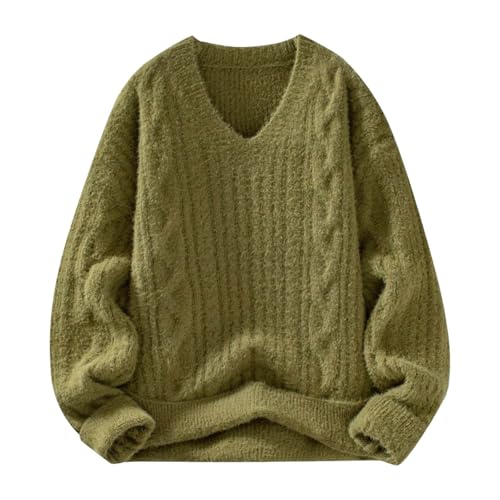 Suéter de punto grueso para hombre contra el frío con cuello moderno XL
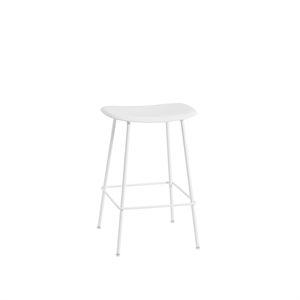 Taburete de Bar Muuto de Fibra con Base de Tubo Blanco/ Blanco Al . 66 cm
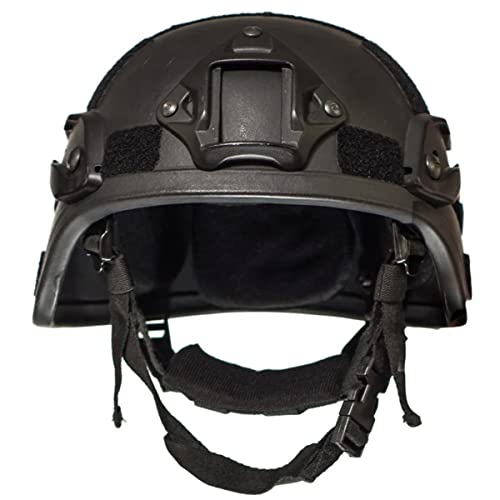WLXW Taktischer Ballistischer Helm, 8 Mm Dicker Kugelsicherer Helm, Mich 2000 Helm,Schwarz,XL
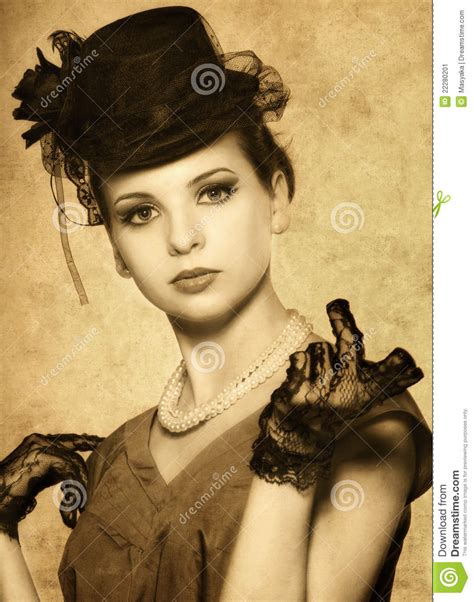 Vintage Styled Portrait Of A Beautiful Woman Stock Image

▶ [What the task requires]
Each line above must be set down exactly, though no picture should be carried over.

▶ [Result of this exercise]
 Suéter de punto grueso para hombre contra el frío con cuello moderno XL
 Taburete de Bar Muuto de Fibra con Base de Tubo Blanco/ Blanco Al . 66 cm
WLXW Taktischer Ballistischer Helm, 8 Mm Dicker Kugelsicherer Helm, Mich 2000 Helm,Schwarz,XL
 Vintage Styled Portrait Of A Beautiful Woman Stock Image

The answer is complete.